L'obligation d'information trouve sa source dans l'article 1134, alinéa 3, du code civil, qui oblige à exécuter les contrats 'de bonne foi' et les articles 1147 et 1184 du code civil, dans leur rédaction antérieure à l'ordonnance du 10 février 2016, dont il s'évince une obligation de renseignement de la part du cocontractant et une obligation de bonne foi et de diligence dans l'exécution des obligations contractuelles laquelle comporte pour le preneur l'obligation de se libérer de son loyer entre les mains de son bailleur.
L'obligation d'information s'analyse comme l'obligation par l'une des parties de fournir à l'autre des informations permettant une bonne exécution du contrat.
Il s'ensuit que la société FRUCTIPIERRE est débitrice d'une obligation d'information à l'égard de la société locataire lorsqu'elle entre en possession d'éléments de nature à influer sur l'exécution par elle du contrat les liant.
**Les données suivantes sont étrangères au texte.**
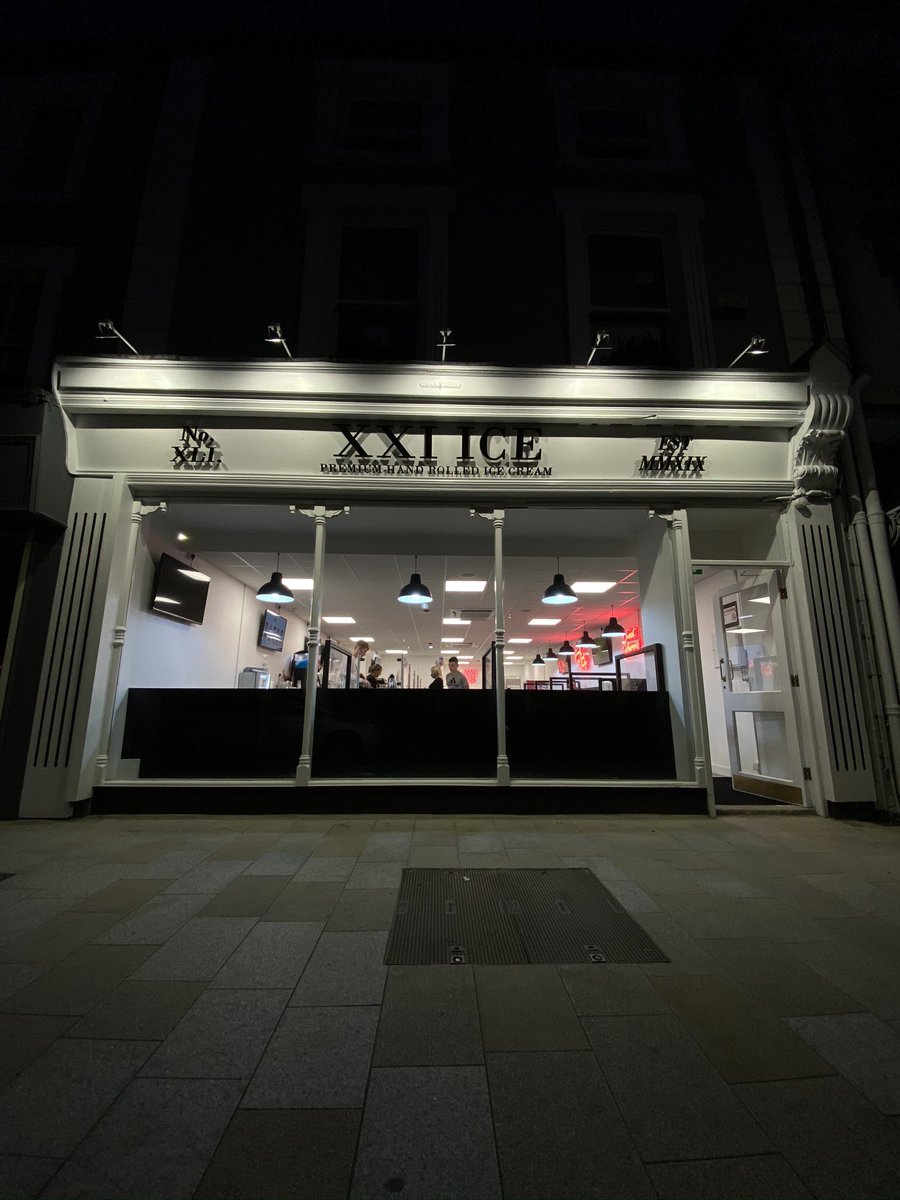 XXIICE2's tweet photo. Little before and after of our new shop. Bringing ice cream to a new level. Follow us to join the journey. #louthchat #icecreamshop #rolledicecream https://t.co/xi9L3dNYgx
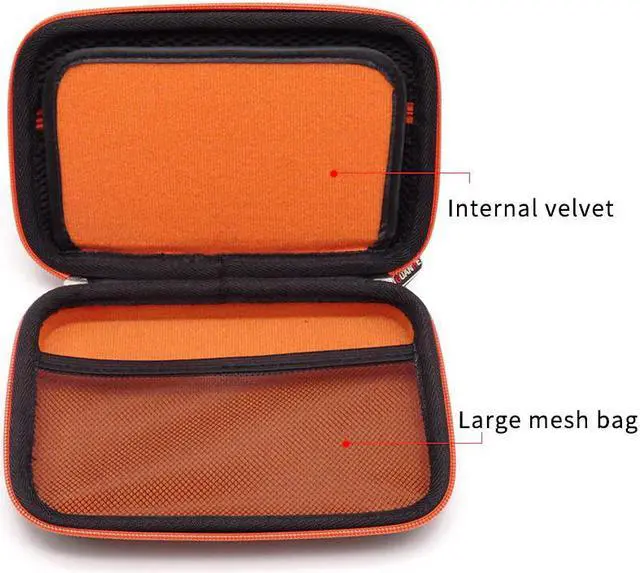 Alt view image 4 of 5 - Digital Bag for Nintendo new 3DS XL/ LL Storage Case EVA Protector Hard Disk SSD Power Bank Travel Protecting Carry Bag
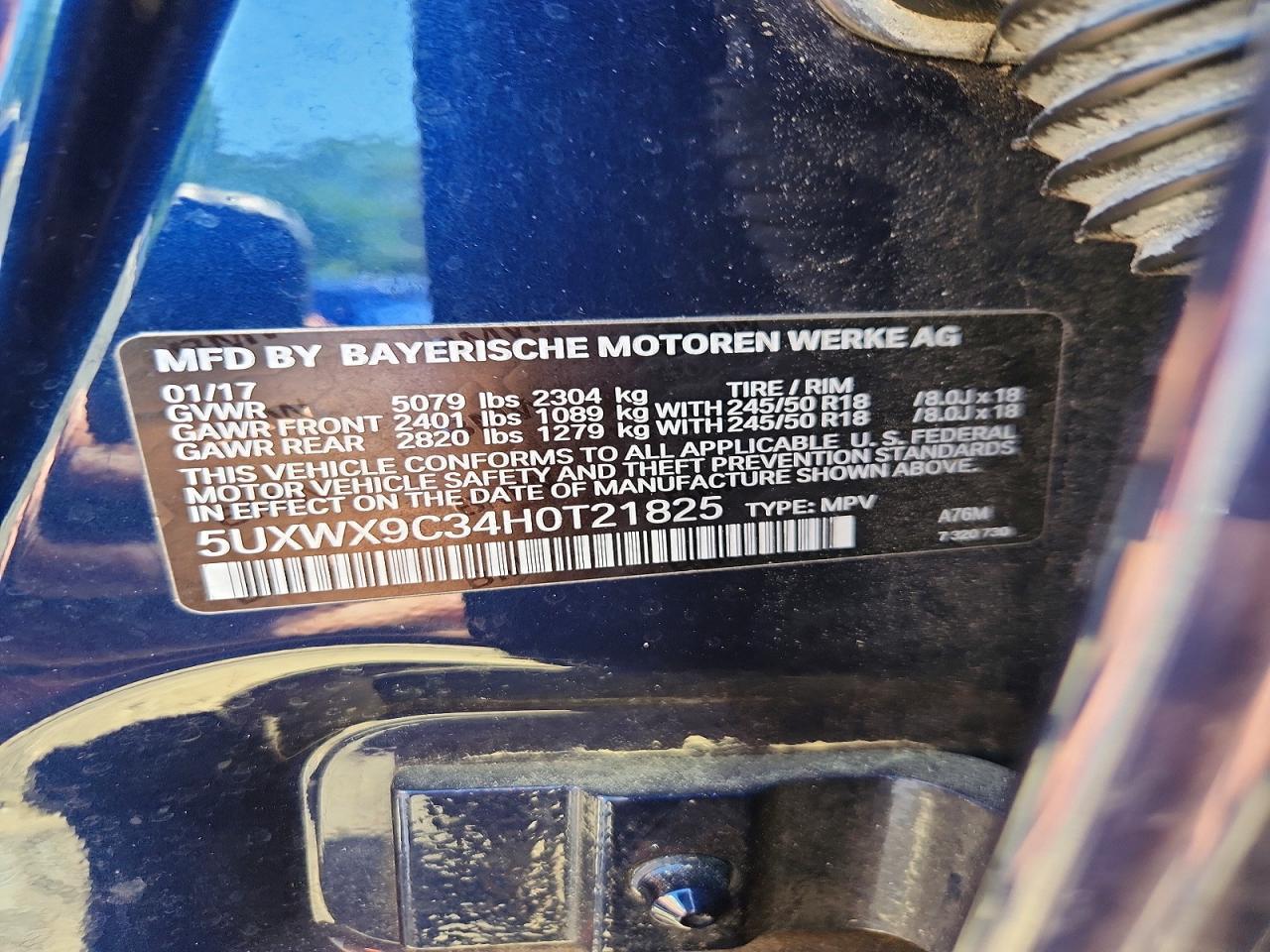 2017 BMW X3 xDrive28I - zdjęcie 13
Le manquement à l'obligation d'information justifie l'allocation de dommages et intérêts, en cas de survenance d'un préjudice, cependant en tenant compte des manquements des parties à leurs obligations respectives.
Il y a lieu de renvoyer à la motivation pertinente du jugement entrepris, la cour relevant que la preuve de la réception de la note d'information datée du 11 février 2016 incombe à la bailleresse, débitrice de l'obligation d'information ; que contrairement à ce que prétend la bailleresse, il ne s'agit pas de mettre à la charge de celle-ci une obligation supplémentaire tenant à s'assurer que la locataire a en pris connaissance ; que l'appelante doit prouver que la locataire a bien été destinataire de ladite note. Or si elle justifie avoir demandé le 2 février 2016 à son prestataire habituel d'adresser à ses locataires des factures de loyers outre trois documents dont une note d'information intitulée "fraudes locataires", le prestataire ayant indiqué en retour pouvoir procéder aux envois de courrier pour le 15 février 2016, elle n'établit pas pour autant que la société SFEIR a bien reçu cette note et les échanges produits en pièce 10, régulièrement communiquée dans le cadre de la procédure d'appel, avec son prestataire dont il ressort que le ' mailing a été expédié en date du 16/02/2016 par La Poste' par le prestataire ne fait pas apparaître les destinataires de l'envoi, ni une facturation particulière par le prestataire correspondant à l'envoi de la note à la locataire.
C'est par conséquent de manière justifiée que le jugement entrepris a retenu que le manquement par la société FRUCTIPIERRE à son obligation d'information a causé un dommage à la société SFEIR qui s'est acquittée deux fois du loyer du 4e trimestre 2016 d'un montant de 131.297,31 euros TTC, une fois entre les mains d'un tiers et une fois entre les mains de son bailleur, ce faute d'avoir été informée en temps utile de la fraude par le bailleur qui en avait connaissance depuis plusieurs mois.
La cour renvoie également à la motivation du jugement entrepris qui a retenu que la locataire avait contribué à son dommage en s'acquittant de son loyer dans les mains d'un tiers avec une légèreté blâmable, ce en l'absence d'élément nouveau en cause d'appel sur ce point.
Il convient par conséquent de confirmer le jugement de première instance en ce qu'il a, en l'état des manquements des parties à leurs obligations respectives, condamné la société FRUCTIPIERRE payer à la société SFEIR la somme de 60.000 euros à titre de dommages et intérêt.
Sur les demandes accessoires
Le jugement entrepris étant confirmé à titre principal, il le sera également en ce qui concerne le sort des dépens de première instance et l'application de l'article 700 du code de procédure civile.
En cause d'appel, l'équité commande de condamner la société FRUCTIPIERRE à payer la somme de 2 000 euros à la société SFEIR sur le fondement de l'article 700 du code de procédure civile.
La société FRUCTIPIERRE qui succombe sera condamnée aux dépens d'appel.
PAR CES MOTIFS
Confirme le jugement en toutes ses dispositions,
Statuant à nouveau et y ajoutant,
Déboute la société SFEIR de sa demande de voir déclarer les pièces 1 à 8 et 10 inopérantes,
Condamne la société FRUCTIPIERRE à payer la somme de 2 000 euros à la société SFEIR sur le fondement de l'article 700 du code de procédure civile,
Condamne la société FRUCTIPIERRE aux dépens d'appel.